Start of DATA TO PROCESS
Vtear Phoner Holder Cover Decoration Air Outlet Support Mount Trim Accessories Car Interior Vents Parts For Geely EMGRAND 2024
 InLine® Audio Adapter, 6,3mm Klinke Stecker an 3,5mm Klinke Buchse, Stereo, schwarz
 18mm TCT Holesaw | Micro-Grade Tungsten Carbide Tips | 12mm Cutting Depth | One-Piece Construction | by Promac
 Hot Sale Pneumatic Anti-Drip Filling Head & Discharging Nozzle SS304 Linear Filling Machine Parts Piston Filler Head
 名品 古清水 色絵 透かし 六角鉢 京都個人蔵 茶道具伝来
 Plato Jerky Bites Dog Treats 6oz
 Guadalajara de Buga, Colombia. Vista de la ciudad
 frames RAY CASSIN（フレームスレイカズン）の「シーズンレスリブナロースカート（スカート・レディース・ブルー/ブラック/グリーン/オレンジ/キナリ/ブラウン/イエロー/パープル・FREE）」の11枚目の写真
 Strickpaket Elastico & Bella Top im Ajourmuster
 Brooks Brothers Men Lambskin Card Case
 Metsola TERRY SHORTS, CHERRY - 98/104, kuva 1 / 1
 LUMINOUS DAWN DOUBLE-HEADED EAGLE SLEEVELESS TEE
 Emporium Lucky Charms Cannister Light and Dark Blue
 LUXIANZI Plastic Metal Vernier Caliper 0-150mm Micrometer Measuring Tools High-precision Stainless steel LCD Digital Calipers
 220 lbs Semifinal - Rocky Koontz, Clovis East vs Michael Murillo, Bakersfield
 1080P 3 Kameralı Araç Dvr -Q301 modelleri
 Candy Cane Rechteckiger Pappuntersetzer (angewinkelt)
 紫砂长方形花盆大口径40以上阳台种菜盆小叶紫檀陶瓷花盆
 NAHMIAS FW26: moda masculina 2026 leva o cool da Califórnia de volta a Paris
End of DATA TO PROCESS
**GOAL OF THE EXERCISE:** An exact reproduction of all the entries above is the expected answer.

**SOLUTION FOR THIS TASK:**
Vtear Phoner Holder Cover Decoration Air Outlet Support Mount Trim Accessories Car Interior Vents Parts For Geely EMGRAND 2024
 InLine® Audio Adapter, 6,3mm Klinke Stecker an 3,5mm Klinke Buchse, Stereo, schwarz
 18mm TCT Holesaw | Micro-Grade Tungsten Carbide Tips | 12mm Cutting Depth | One-Piece Construction | by Promac
 Hot Sale Pneumatic Anti-Drip Filling Head & Discharging Nozzle SS304 Linear Filling Machine Parts Piston Filler Head
 名品 古清水 色絵 透かし 六角鉢 京都個人蔵 茶道具伝来
 Plato Jerky Bites Dog Treats 6oz
 Guadalajara de Buga, Colombia. Vista de la ciudad
 frames RAY CASSIN（フレームスレイカズン）の「シーズンレスリブナロースカート（スカート・レディース・ブルー/ブラック/グリーン/オレンジ/キナリ/ブラウン/イエロー/パープル・FREE）」の11枚目の写真
 Strickpaket Elastico & Bella Top im Ajourmuster
 Brooks Brothers Men Lambskin Card Case
 Metsola TERRY SHORTS, CHERRY - 98/104, kuva 1 / 1
 LUMINOUS DAWN DOUBLE-HEADED EAGLE SLEEVELESS TEE
 Emporium Lucky Charms Cannister Light and Dark Blue
 LUXIANZI Plastic Metal Vernier Caliper 0-150mm Micrometer Measuring Tools High-precision Stainless steel LCD Digital Calipers
 220 lbs Semifinal - Rocky Koontz, Clovis East vs Michael Murillo, Bakersfield
 1080P 3 Kameralı Araç Dvr -Q301 modelleri
 Candy Cane Rechteckiger Pappuntersetzer (angewinkelt)
 紫砂长方形花盆大口径40以上阳台种菜盆小叶紫檀陶瓷花盆
 NAHMIAS FW26: moda masculina 2026 leva o cool da Califórnia de volta a Paris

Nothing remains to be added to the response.